» **Exercise description**
Your answer must be a word-for-word copy of the listing, with all pictures excluded.
Recorded information: Begin
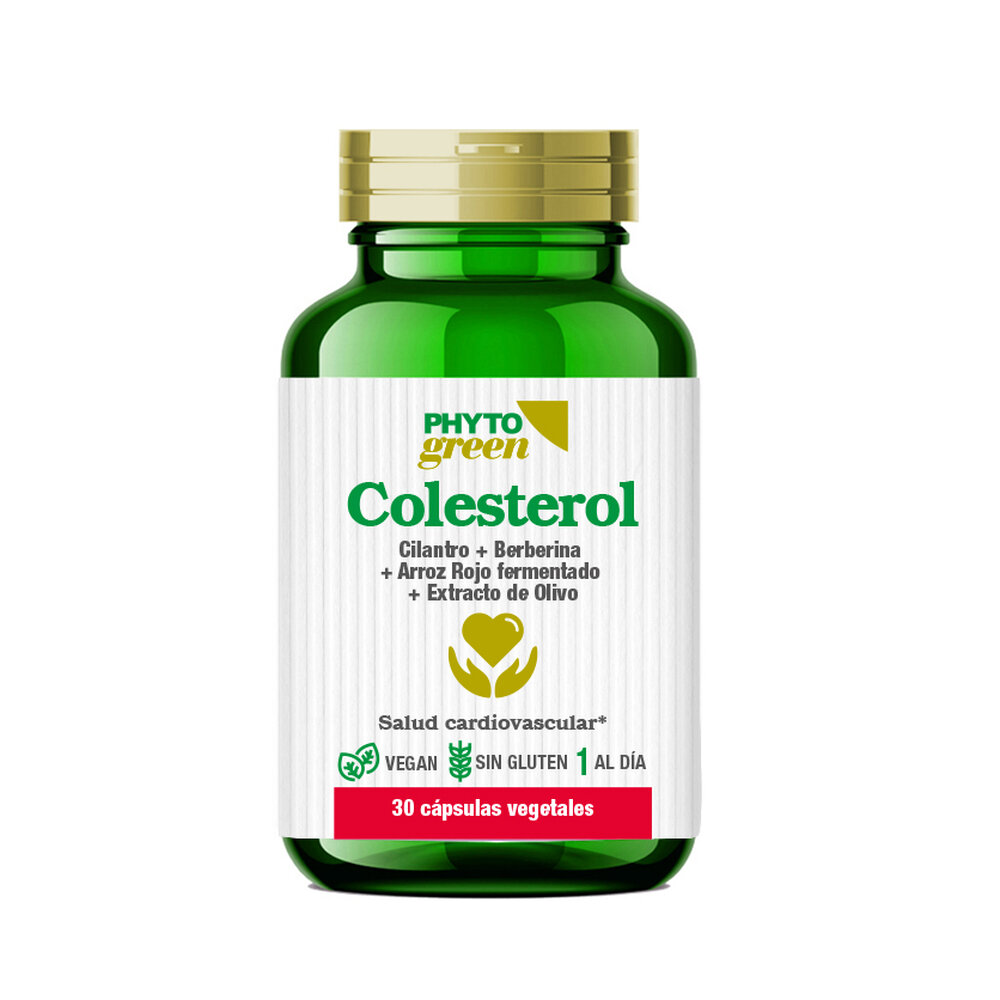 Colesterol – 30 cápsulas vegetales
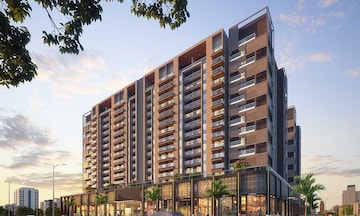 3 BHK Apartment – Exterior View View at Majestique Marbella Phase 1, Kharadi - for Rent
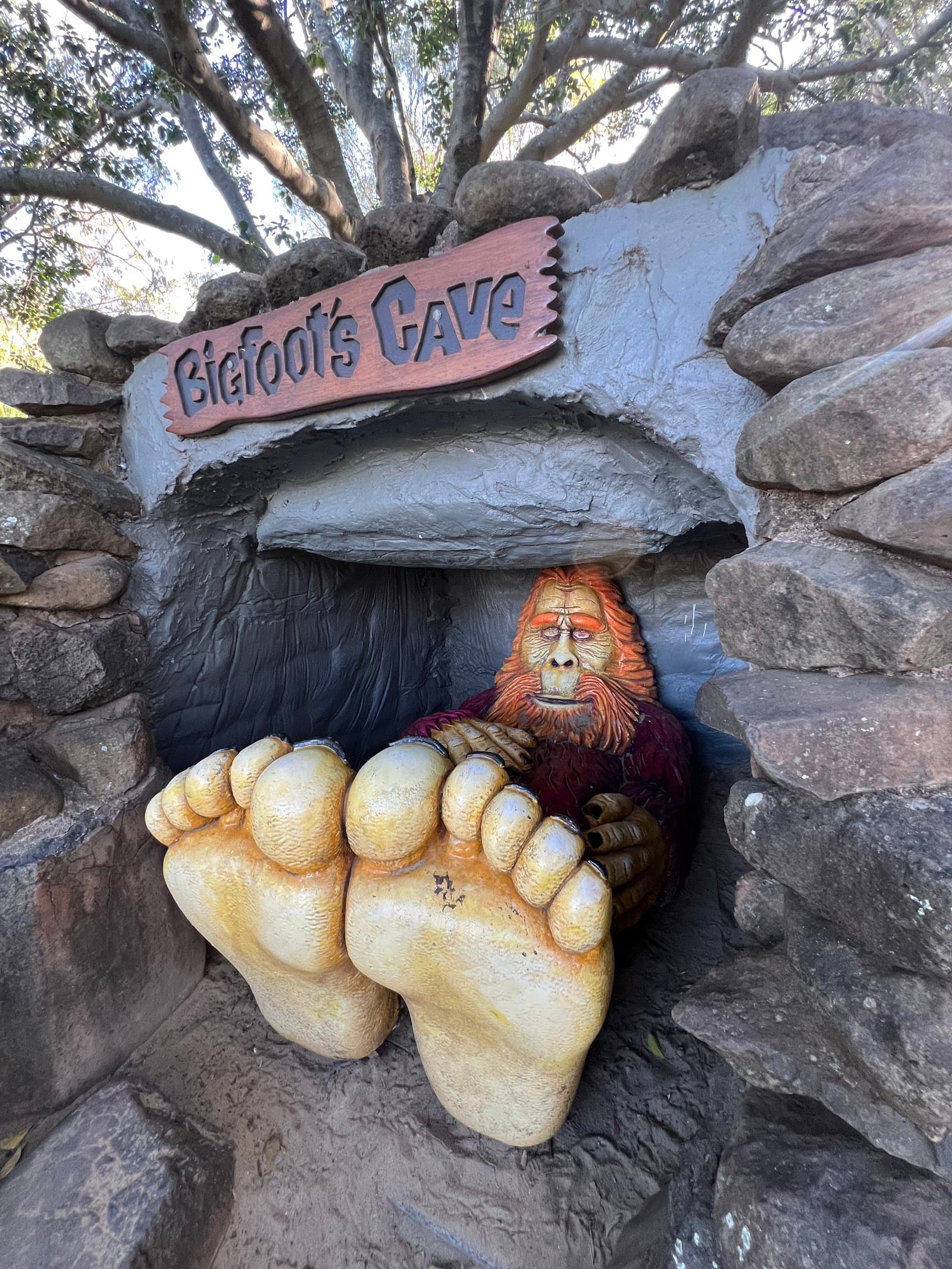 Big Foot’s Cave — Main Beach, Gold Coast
Recorded information: End
» **Output for this exercise**
 Colesterol – 30 cápsulas vegetales
 3 BHK Apartment – Exterior View View at Majestique Marbella Phase 1, Kharadi - for Rent
 Big Foot’s Cave — Main Beach, Gold Coast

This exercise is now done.